How to vectorize the code so it can effectively process trillions of rows?


Solution

  • It is unlikely that your function can be vectorised exactly as stated. Your choice for element i depends directly on your choice for i-1, in a way that you cannot really shuffle around any computation. Depending on what your goal is with these values, it may be a good solution to find an alternative function that gets the job done and is vectorised more readily.

    That does not mean, however, that this function cannot be improved and sped up.

    Initial ideas: Binary search

    First, the cumsum operation can be vectorised, and doing so will remove a whole bunch of Python function calls, doing it all in C.

    Next, instead of doing a linear search for the next location where the bar overflows, we can make it a binary search. Numpy has an implementation for that.

    def _binary_search_get_bar_index(cumsum, threshold):
      bar_index = 0
      covered_count = 0
      covered_sum = 0
      result = np.zeros_like(cumsum)
      l = len(cumsum)
      while True:
        bar_last = np.searchsorted(cumsum, covered_sum + threshold)
        result[covered_count:min(bar_last + 1, l)] = bar_index
        bar_index += 1
        covered_count = bar_last + 1
        if covered_count >= l:
          break
        covered_sum = cumsum[bar_last]
      return result
    
    
    def binary_search(df, threshold):
      cumsum = df["value"].cumsum()
      df['bar_index'] = _binary_search_get_bar_index(cumsum.values, threshold)
      return df
    

    Numba

    Before jumping into benchmarking, I thought I'd also implement your original function (shuffled around a bit), and decorating it with numba.njit. This compiles machine code based on the python function. Almost as if pandas had it implemented for you in C.

    @njit
    def _numba_get_bar_index(cumsum, threshold):
      covered_sum = 0
      bar_index = 0
      result = np.zeros_like(cumsum)
      for i in range(len(cumsum)):
        result[i] = bar_index
        if cumsum[i] >= covered_sum + threshold:
          bar_index += 1
          covered_sum = cumsum[i]
      return result
    
    
    def numba_f(df, threshold):
      cumsum = df["value"].cumsum()
      df['bar_index'] = _numba_get_bar_index(cumsum.values, threshold)
      return df
    

    Setup

    I verified that both of these solutions give exactly the desired output on your dataset in the question.

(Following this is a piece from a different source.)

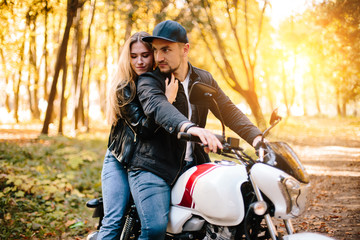 Plakat young couple on motorcycle laugh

    I benchmarked on a DataFrame with 100 000 rows, running on an M1 Pro Mac.

    The data was generated as below. I omitted irrelevant columns. I also omitted grouping as it's also not relevant to the question, your original function simply receives a DataFrame and only reads the values column.

    long_data = pd.DataFrame({'value': np.random.default_rng().poisson(8, 100000)})
    # long_data.head() -> [6, 14, 8, 4, 7, 8, 6, 5, 4, 10]
    

    Results

    %timeit original(long_data, 10)
    7 s ± 49 ms per loop (mean ± std. dev. of 7 runs, 1 loop each)
    
    %timeit binary_search(long_data, 10)
    82.2 ms ± 176 µs per loop (mean ± std. dev. of 7 runs, 10 loops each)
    
    %timeit numba_f(long_data, 10)
    433 µs ± 5.74 µs per loop (mean ± std. dev. of 7 runs, 1,000 loops each)
    

    It turns out that simply using numba can give you really strong gains (over four orders of magnitude in this case). The magic of having things nearby in cache and not jumping around a lot in memory for different function calls and pointer dereferences.

    Actually, as the complexity in big O terms is always going to be dominated by computing the cumsum, I can't imagine a scenario, where the binary search would win out. It is also unlikely that you could get anything significantly better than the numba result.